NEWS

Semua Outlet Media Sosial 2K Telah Dikompromikan

94Views

Beberapa akun media sosial 2K Games diretas kemarin, dari Facebook hingga Twitter. 2K bertanggung jawab untuk menerbitkan judul seperti NBA 2K20, seri BioShock dan XCOM.

Tahun ini adalah roller coaster untuk perusahaan penerbitan video game. Baru-baru ini, game WWE terbaru 2K berada di bawah pengawasan karena dipenuhi dengan bug dan masalah grafis. Di sisi lain, Borderlands 3 diterima dengan cukup baik dan diproyeksikan menjadi salah satu penjual terbaik liburan ini. Namun, tidak ada yang bisa meramalkan masalah keamanan besar ini.

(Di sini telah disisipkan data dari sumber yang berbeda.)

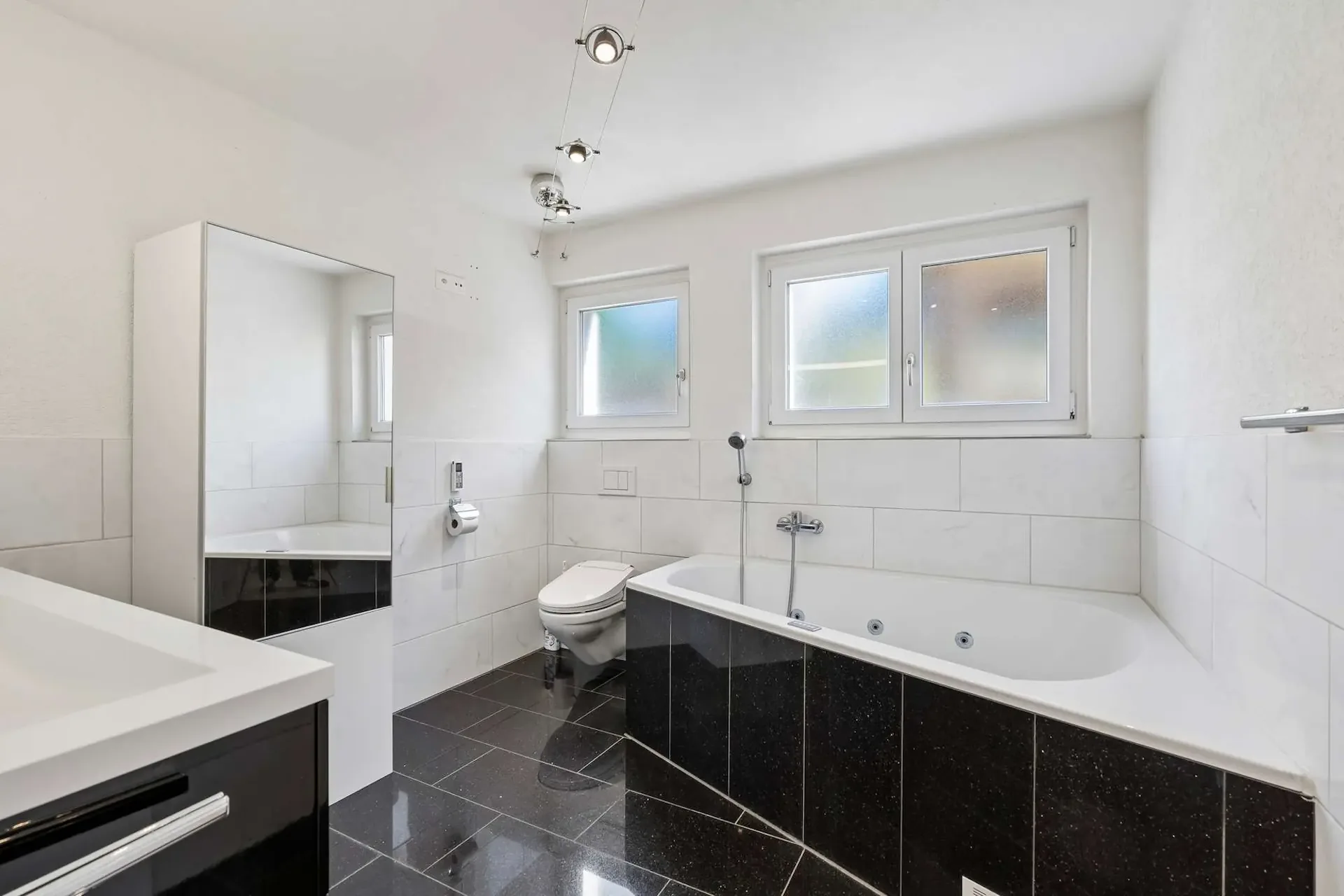 Zweifamilienhaus mit 5.5 und 4.5 Zimmerwohnung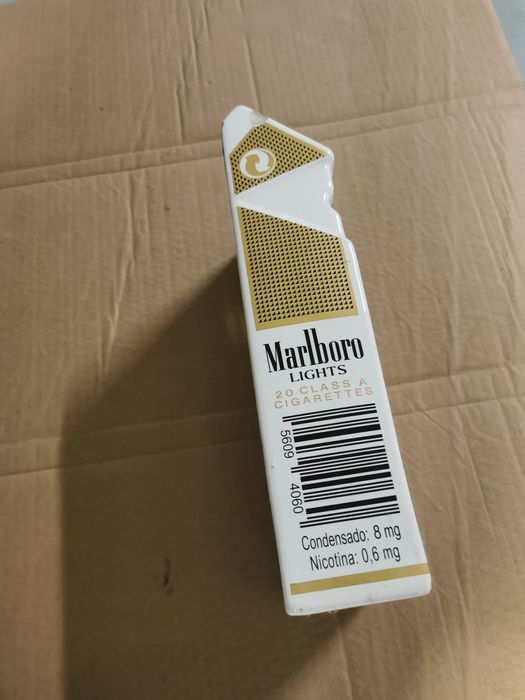 Cinzeiro Marlboro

Pelanggaran media sosial 2K tidak biasa karena peretas memiliki akses ke berbagai akun pada saat yang sama. Dan karena skala pelanggaran ini, tidak akan terlalu mengejutkan jika lebih banyak informasi keluar segera. Perusahaan juga mengatakan bahwa posting-posting itu tidak mencerminkan nilai-nilainya, karena beberapa berisi komentar eksplisit, dan mereka telah dihapus dari banyak platform media sosial mereka. 2K merilis pernyataan juga, mengatakan bahwa mereka sedang mencoba untuk memperbaiki masalah keamanan.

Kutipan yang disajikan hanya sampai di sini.